017・成長
「迷宮?」
翌朝、冒険者ギルドから告知された『迷宮の発生』という内容に、僕は首をかしげた。
周囲の冒険者たちは、ざわついている。
アーディスカは、僕の反応に気づいて、
「そうか。アオイは『迷宮』という存在を知らないんだな?」
と聞かれた。
素直に「うん」と頷く。
「わかった。なら、私が教えてやろう」
赤毛の冒険者は、そう笑った。
「まず、この世の大気には『魔素』と呼ばれる物質が含有しているんだ」
始まりは、そんな言葉。
そして、
「人は呼吸によって『魔素』を体内に取り込む。

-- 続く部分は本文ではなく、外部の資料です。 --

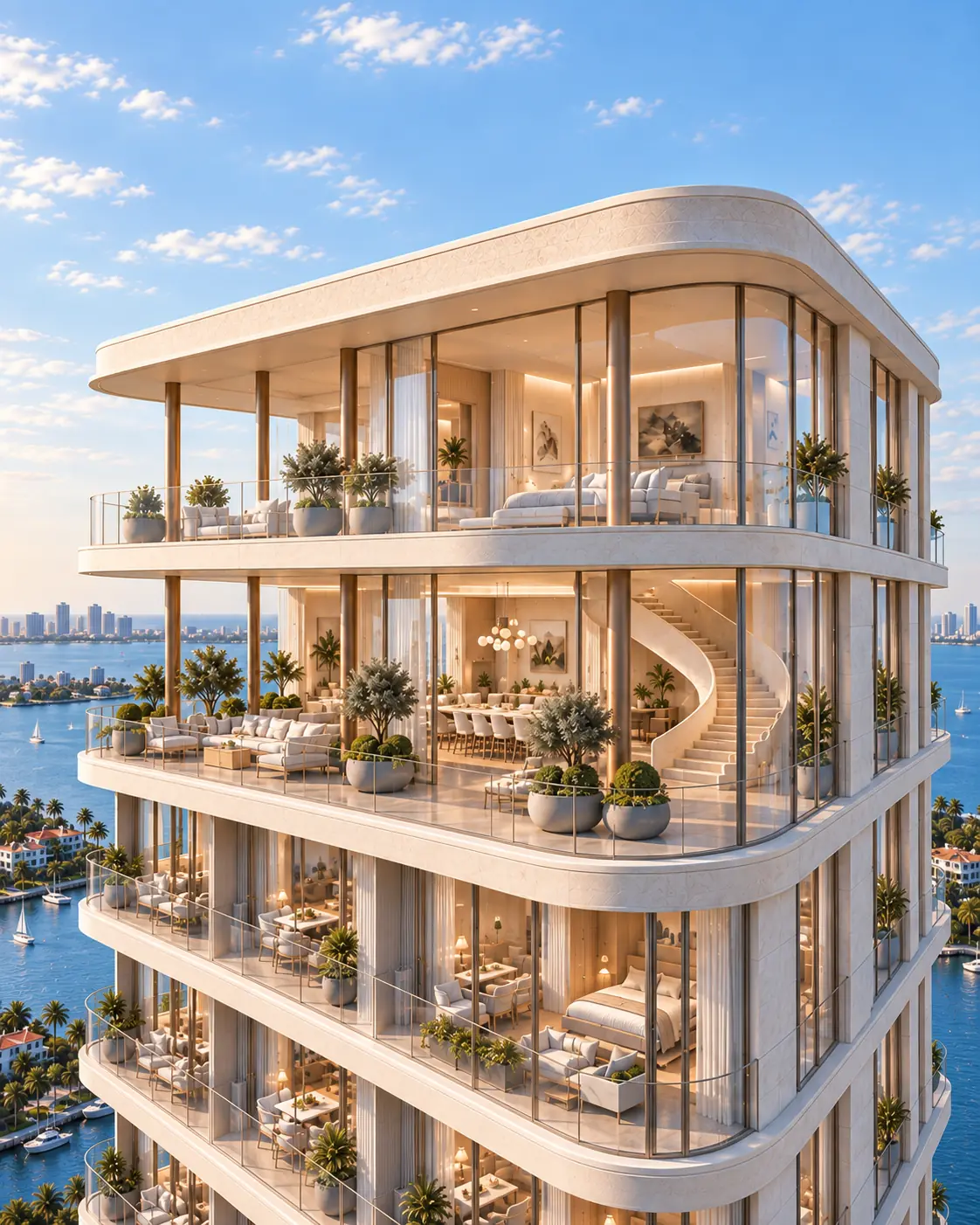 Conceptual waterfront tower with a distinctive crown residence above the homes below.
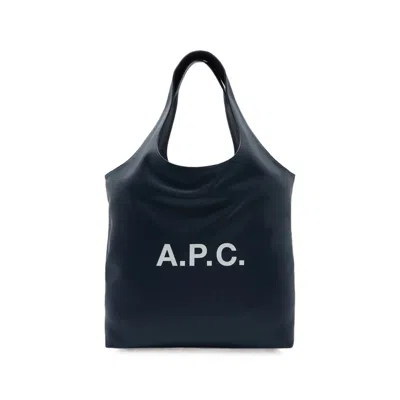 A.p.c. A. P.c. Ninon Logo-print Tote Bag In Blue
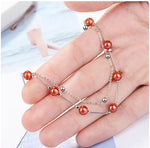 Fashion Trend Women's Red Garnet Stone Double Layer Beads Bracelet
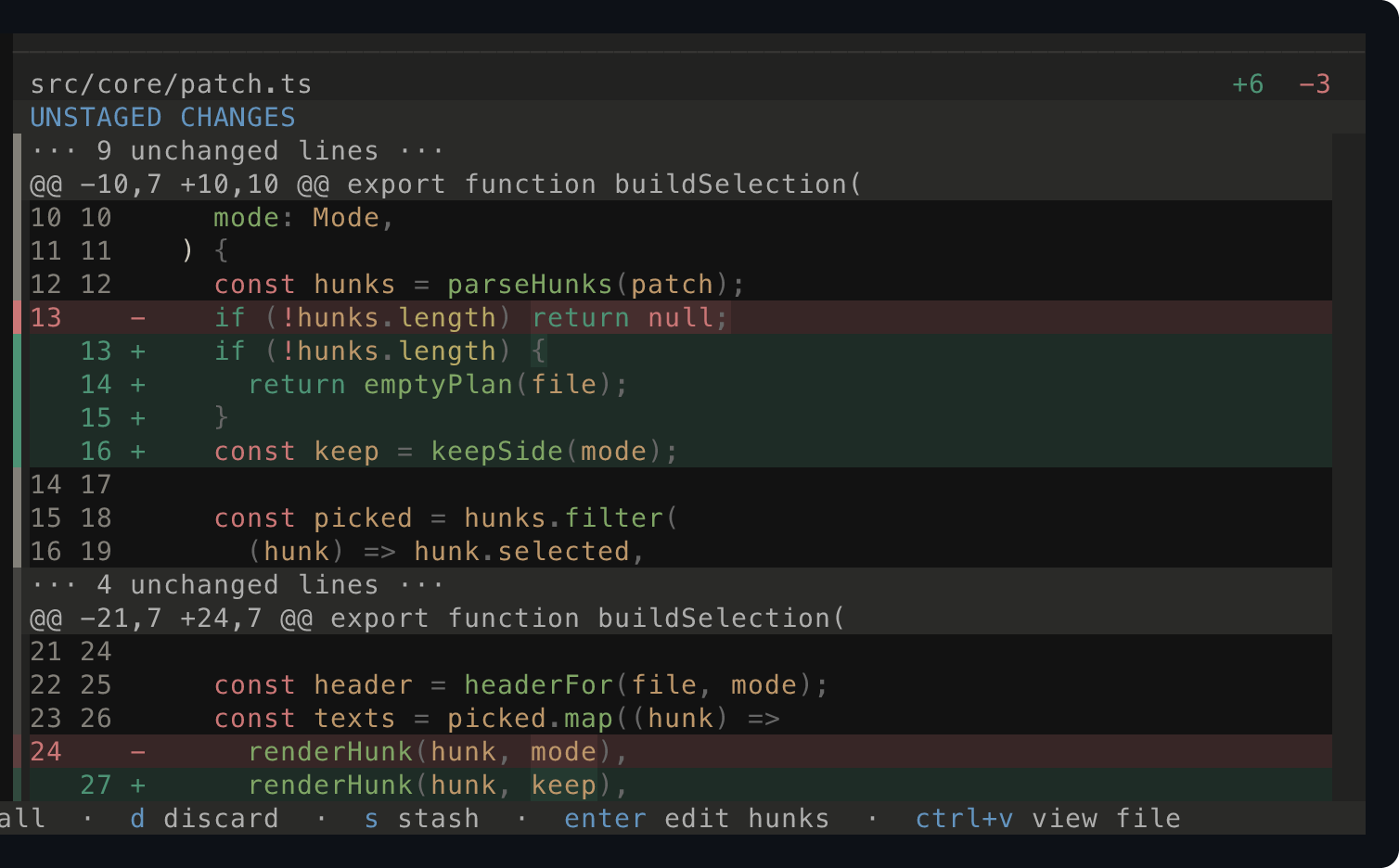 The same hunk shown in one column, with removed lines above added lines.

それを血液中で『魔力』へと変換させることができる先天的能力を持つのが、いわゆる『魔法使い』と呼ばれる者たちだ」
ふむふむ?
「その『魔法使い』たちの中でも、更に『魔力』を『人を癒す力』に変換できるのは珍しい」
アーディスカの視線は、僕の顔を見ている。
それって、
「つまり僕のこと?」
「そうだ」
アーディスカは笑った。
(ふ~ん、そうだったんだ)
この世界においても『回復魔法』というのは希少な力なんだね。
「そんな風に『魔素』というのは、1つの場所に集め、『魔力』となることで大きな現象を引き起こすものなんだ」
なるほど。
(でも、それと『迷宮』にどういう関係があるのかな?)
見つめる僕に、
「実は、極稀にだが、その『魔素』が自然界でも1つの場所に集まってしまうことがある」
と、アーディスカ。
それは、偶然の産物らしい。
そして、
「その場所に『迷宮』が誕生するんだ」
とのこと。
詳しい原理は、わかっていない。
ただ、そうした『魔素』の濃度が1つの場所で異常に高まると、そこに内部空間を持つ巨大な構造体が発生してしまうのだそうだ。
内部には、魔物が多数発生する。
外部にも『魔素』が流出し、その影響で、周辺の魔物も活性化してしまうんだって。
(ふ~ん?)
つまり、ここ最近、格上の魔物たちが本来とは違う生息域で発見されたのは、そのためか。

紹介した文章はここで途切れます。